Growers should familiarize themselves with monitoring temperature, pH and other aspects of the growing system. Experienced growers should already be familiar with balancing macronutrients and micronutrients; for new hydroponic growers, it’s a matter of adapting current knowledge to a hydroponic system.
Prior to starting a hydroponic operation, become familiar with the market for hydroponically-grown produce, including demand, what’s popular and pricing. Plan to visit chefs and produce managers at grocery stores, and visit farmers markets to see what customers are buying and what they’re willing to pay.
Food distributers and wholesalers will pay the least for products, but volume makes up for a lower price. Chefs love the option of fresh, locally grown produce and are willing to pay for it. Working with chefs involves significant footwork along with follow-up and timely deliveries. Although chefs typically don’t purchase produce in high volumes, they’re willing to pay a good price. Growers who plan to approach chefs should make an appointment rather than stopping in.
Direct marketing, either at farmers markets or from an on-farm store, usually yields the highest profit. Farms that have established on-farm stores are perfect for adding hydroponics. This is what the Meck family, in Strasburg, PA, chose.
The current version of Meck’s Produce started when Bob Meck started working for his father-in-law, Irvin Widder, who grew produce on his 20-acre farm and sold it at nearby Lancaster markets. Meck and Widder entered a business partnership, and Meck eventually took over the business.
Today, Bob and his two sons Rob and Ryan work together, growing produce that’s sold at the Central Market, at their on-farm market and through the farm’s CSA. The farm started small but grew as the demand for products increased. Meck’s Farm Market has great eye appeal throughout the year, starting with colorful flower displays in spring, fresh produce, popular autumn items and Christmas trees and greenery to finish the growing season.
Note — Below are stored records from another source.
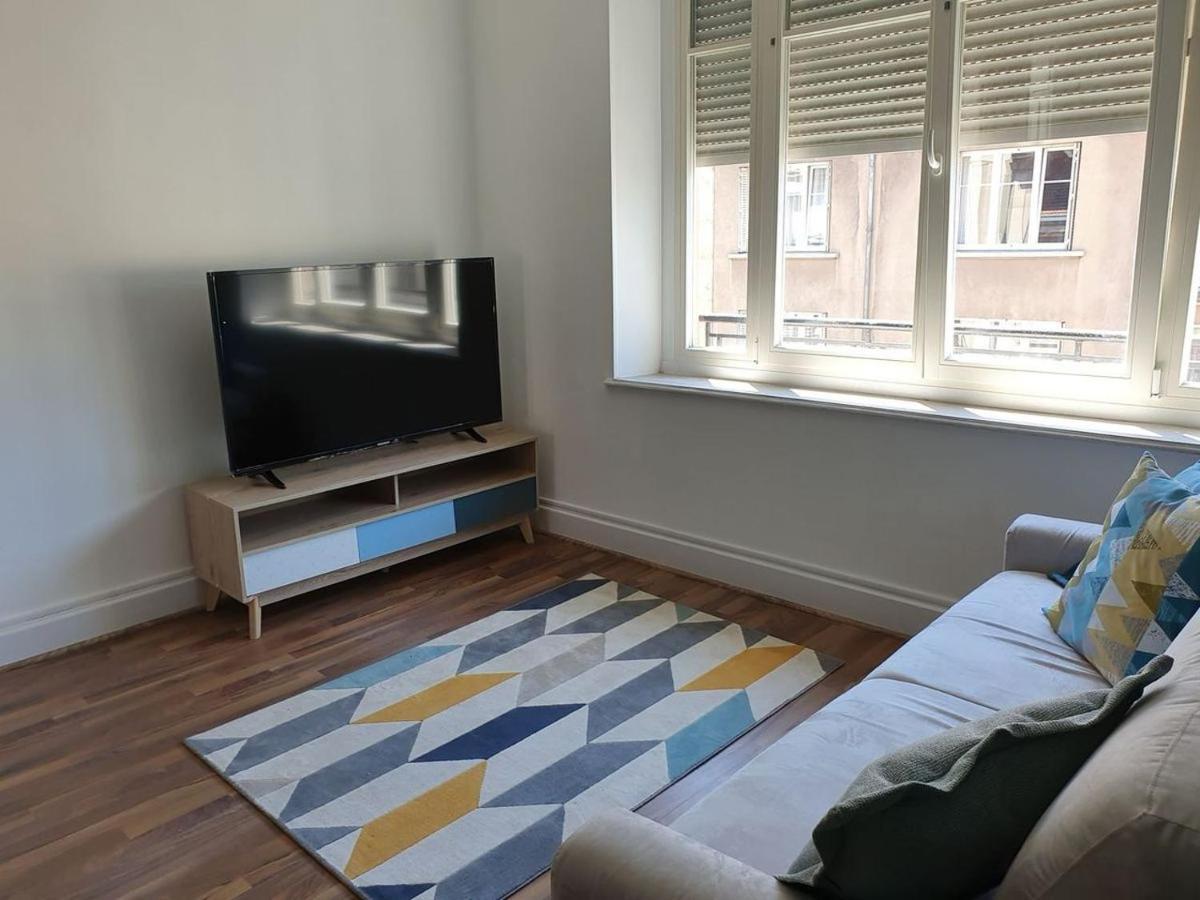 Charmant Appartement Au Coeur De Туль Екстер'єр фото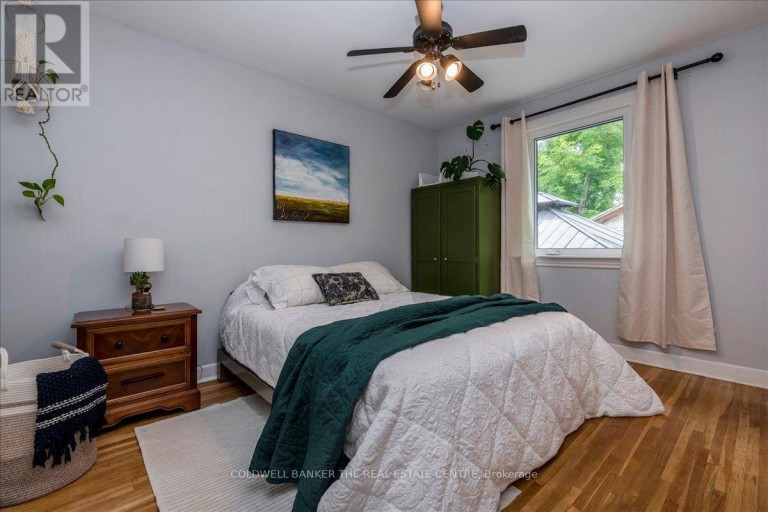 18 AGNES STREET, Barrie (Wellington), Ontario, L4M2S2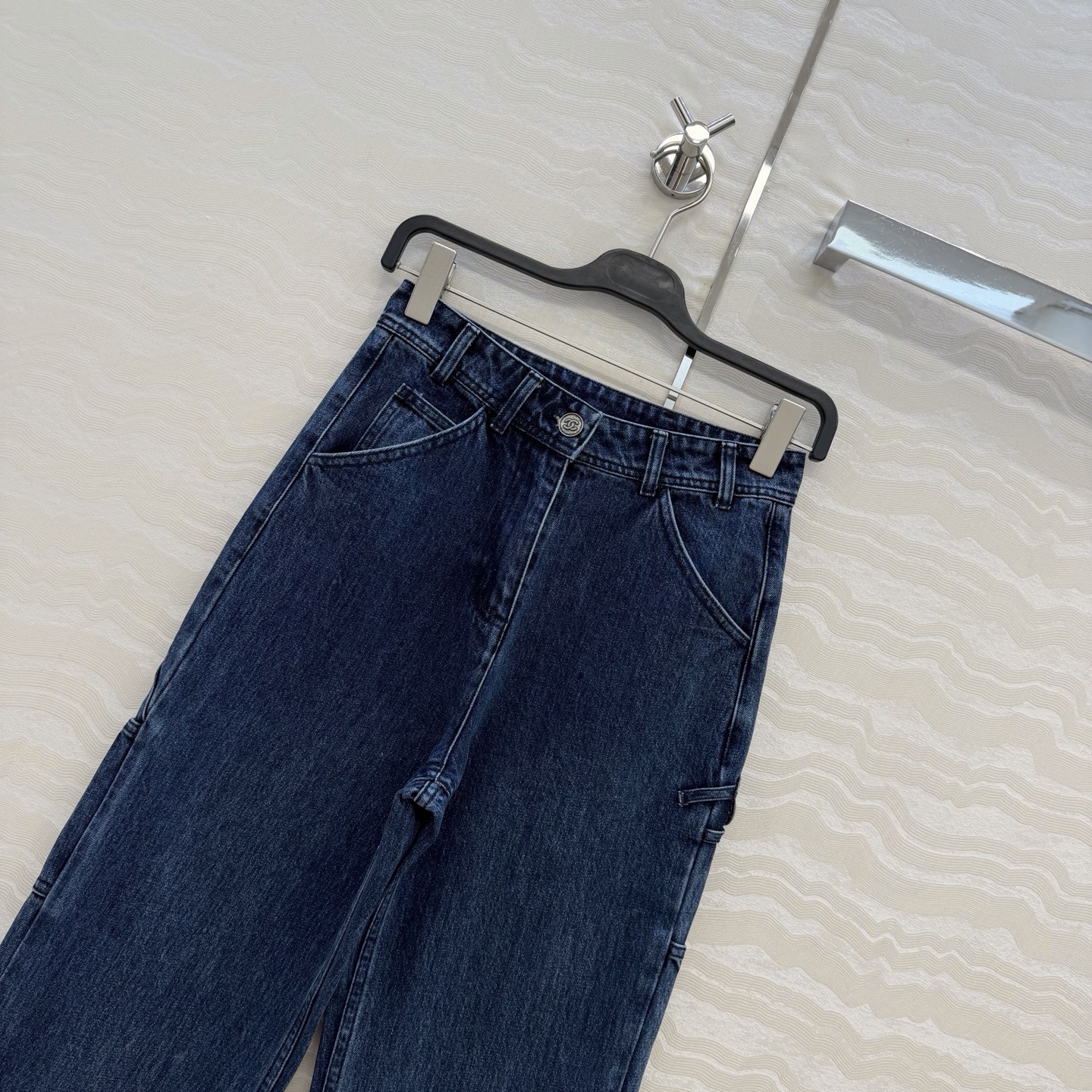 爆单推荐❤️coco女孩26p春夏新品，jennie同款牛仔裤！白富美必入叠搭神器！定制重工立体双C工装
In 2013, in their effort to supply fresh greens year round, the Mecks constructed a hydroponic greenhouse. The Mecks chose the nutrient film technique (NFT) system, a series of PVC channels that carry water and nutrients to plant roots. The NFT system is a recirculating system, so the only water lost is that which is taken up by plants.
The Mecks grow a variety of hydroponic crops year round, including red and green Bibb lettuce, romaine lettuce, red and green leaf lettuce, a lettuce medley, arugula, basil, dill, watercress and bok choy. After learning more about the system and successfully operating one hydroponic house, the Mecks added a second.
Seeds are established in a sterile soil medium, then transplanted to individual holes in a channel that exposes roots to the carefully balanced nutrient solution below. Crops are carefully scheduled to ensure a steady supply throughout the year. Following harvest, the channels are sanitized prior to replanting. Shade cloth on the exterior of the greenhouse and an interior wet wall help maintain ideal growing conditions.
The Mecks’ hydroponically grown crops are an asset to their on-farm market, where they sell their own fresh seasonal produce as well as baked goods, dairy products, locally raised beef, soups, juices and a wide variety of jarred goods.
Growers considering adding a hydroponic system can learn a lot from others, and part of the planning process should include visits to successful hydroponic growers. Ask questions, take notes and make decisions based on potential profit from a new venture.